RECORDS PROVIDED below:

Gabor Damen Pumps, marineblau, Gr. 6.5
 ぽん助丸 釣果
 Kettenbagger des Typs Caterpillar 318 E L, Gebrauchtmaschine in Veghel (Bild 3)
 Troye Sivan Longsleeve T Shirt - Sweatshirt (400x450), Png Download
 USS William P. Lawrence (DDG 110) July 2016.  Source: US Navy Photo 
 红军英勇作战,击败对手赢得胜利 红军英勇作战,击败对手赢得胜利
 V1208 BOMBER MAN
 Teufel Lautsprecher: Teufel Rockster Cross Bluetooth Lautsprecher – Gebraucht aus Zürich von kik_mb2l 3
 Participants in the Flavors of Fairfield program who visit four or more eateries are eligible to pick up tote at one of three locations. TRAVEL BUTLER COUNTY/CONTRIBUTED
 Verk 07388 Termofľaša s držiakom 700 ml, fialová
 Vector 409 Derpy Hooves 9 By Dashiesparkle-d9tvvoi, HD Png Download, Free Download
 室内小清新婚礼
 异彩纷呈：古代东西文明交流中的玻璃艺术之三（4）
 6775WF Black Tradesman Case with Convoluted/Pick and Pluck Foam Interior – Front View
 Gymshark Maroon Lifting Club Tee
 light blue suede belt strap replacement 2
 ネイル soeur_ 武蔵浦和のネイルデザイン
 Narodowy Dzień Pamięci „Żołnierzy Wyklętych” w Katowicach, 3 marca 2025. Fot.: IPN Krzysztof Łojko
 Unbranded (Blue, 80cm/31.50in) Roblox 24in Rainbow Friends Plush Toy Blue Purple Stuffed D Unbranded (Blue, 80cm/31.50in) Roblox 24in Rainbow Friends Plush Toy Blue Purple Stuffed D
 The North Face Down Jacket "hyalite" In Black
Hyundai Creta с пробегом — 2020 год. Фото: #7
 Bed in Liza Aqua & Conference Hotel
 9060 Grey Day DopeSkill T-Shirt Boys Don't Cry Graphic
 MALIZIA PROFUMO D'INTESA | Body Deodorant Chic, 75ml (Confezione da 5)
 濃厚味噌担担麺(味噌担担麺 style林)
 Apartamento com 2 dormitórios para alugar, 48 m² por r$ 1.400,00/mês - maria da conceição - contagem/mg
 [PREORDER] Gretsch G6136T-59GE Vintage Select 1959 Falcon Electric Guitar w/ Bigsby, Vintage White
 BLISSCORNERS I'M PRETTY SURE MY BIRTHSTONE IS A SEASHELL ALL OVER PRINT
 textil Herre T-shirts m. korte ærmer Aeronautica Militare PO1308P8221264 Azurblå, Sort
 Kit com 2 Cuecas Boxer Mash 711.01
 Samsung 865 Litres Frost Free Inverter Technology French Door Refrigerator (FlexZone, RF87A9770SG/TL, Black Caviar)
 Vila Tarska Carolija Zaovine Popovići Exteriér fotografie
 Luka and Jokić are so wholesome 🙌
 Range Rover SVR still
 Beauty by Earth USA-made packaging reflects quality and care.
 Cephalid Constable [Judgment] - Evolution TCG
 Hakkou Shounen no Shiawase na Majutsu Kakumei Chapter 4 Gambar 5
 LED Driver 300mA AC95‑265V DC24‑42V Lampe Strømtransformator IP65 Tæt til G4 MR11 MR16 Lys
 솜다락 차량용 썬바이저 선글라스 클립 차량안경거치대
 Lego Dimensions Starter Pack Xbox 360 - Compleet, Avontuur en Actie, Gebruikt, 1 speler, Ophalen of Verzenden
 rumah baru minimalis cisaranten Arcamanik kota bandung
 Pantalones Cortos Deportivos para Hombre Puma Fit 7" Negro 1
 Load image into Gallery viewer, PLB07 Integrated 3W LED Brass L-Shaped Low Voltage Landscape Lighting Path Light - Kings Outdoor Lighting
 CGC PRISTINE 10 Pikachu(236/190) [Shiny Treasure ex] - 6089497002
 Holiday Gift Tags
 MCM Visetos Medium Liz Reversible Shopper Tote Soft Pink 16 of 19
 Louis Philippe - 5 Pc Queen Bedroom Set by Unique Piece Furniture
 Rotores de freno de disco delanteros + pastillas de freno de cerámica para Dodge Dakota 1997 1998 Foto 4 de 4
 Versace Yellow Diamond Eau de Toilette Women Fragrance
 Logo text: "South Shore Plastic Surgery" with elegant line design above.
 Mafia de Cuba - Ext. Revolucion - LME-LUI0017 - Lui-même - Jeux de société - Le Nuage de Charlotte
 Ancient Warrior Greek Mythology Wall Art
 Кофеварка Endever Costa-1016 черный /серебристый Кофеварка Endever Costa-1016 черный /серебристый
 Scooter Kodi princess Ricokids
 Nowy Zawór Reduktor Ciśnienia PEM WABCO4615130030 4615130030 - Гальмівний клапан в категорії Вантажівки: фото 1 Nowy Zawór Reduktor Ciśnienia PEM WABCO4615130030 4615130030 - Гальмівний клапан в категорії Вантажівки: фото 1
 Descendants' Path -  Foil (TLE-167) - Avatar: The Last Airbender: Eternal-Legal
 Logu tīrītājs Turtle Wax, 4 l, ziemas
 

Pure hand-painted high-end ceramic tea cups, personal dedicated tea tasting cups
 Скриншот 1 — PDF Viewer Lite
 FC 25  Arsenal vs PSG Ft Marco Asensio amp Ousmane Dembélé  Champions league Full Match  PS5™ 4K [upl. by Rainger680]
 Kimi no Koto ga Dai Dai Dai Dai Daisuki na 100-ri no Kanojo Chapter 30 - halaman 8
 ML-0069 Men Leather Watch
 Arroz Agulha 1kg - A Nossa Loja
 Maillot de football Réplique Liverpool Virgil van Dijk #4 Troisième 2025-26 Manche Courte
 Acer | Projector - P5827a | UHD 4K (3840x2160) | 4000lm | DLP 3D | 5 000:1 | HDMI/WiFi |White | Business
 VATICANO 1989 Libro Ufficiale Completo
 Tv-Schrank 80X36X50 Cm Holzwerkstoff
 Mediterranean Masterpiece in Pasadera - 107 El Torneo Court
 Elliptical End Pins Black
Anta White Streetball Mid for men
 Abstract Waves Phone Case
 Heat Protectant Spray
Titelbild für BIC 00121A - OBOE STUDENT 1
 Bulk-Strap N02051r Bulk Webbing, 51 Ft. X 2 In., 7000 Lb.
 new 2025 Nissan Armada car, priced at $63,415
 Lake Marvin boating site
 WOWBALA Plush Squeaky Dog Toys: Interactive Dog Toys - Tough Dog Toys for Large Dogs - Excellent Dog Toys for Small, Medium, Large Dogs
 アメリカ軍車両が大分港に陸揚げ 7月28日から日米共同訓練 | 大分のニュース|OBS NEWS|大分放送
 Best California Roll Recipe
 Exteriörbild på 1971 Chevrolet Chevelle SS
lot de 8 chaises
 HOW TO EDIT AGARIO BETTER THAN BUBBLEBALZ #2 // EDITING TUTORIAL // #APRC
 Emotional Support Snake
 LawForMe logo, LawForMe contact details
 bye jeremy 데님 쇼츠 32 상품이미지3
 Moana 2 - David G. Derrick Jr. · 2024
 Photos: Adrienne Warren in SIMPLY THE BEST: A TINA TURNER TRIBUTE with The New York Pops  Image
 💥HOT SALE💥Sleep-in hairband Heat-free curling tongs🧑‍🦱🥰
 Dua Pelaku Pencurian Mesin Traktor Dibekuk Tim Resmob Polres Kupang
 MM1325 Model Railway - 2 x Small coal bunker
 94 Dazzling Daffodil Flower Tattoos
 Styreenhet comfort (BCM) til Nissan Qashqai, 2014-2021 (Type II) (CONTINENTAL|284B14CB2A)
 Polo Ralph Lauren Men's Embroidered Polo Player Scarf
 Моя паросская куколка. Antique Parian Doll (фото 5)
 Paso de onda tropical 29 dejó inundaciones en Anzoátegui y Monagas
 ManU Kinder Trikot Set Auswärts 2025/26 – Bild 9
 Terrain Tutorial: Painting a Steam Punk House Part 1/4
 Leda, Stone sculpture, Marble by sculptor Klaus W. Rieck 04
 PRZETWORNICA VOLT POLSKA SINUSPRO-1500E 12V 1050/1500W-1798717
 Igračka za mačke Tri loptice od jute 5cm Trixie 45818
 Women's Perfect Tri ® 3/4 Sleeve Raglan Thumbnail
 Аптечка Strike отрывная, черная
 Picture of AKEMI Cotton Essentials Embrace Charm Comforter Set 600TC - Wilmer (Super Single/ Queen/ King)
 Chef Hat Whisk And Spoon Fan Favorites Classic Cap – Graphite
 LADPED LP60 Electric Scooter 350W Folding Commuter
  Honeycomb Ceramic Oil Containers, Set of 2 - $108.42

End of RECORDS PROVIDED.

**TO DO:** Starting with the first line of the data above, copy each line exactly until you reach the line with "Troye Sivan Longsleeve"; include that line as well.

**EXERCISE SOLUTION:**
Gabor Damen Pumps, marineblau, Gr. 6.5
 ぽん助丸 釣果
 Kettenbagger des Typs Caterpillar 318 E L, Gebrauchtmaschine in Veghel (Bild 3)
 Troye Sivan Longsleeve T Shirt - Sweatshirt (400x450), Png Download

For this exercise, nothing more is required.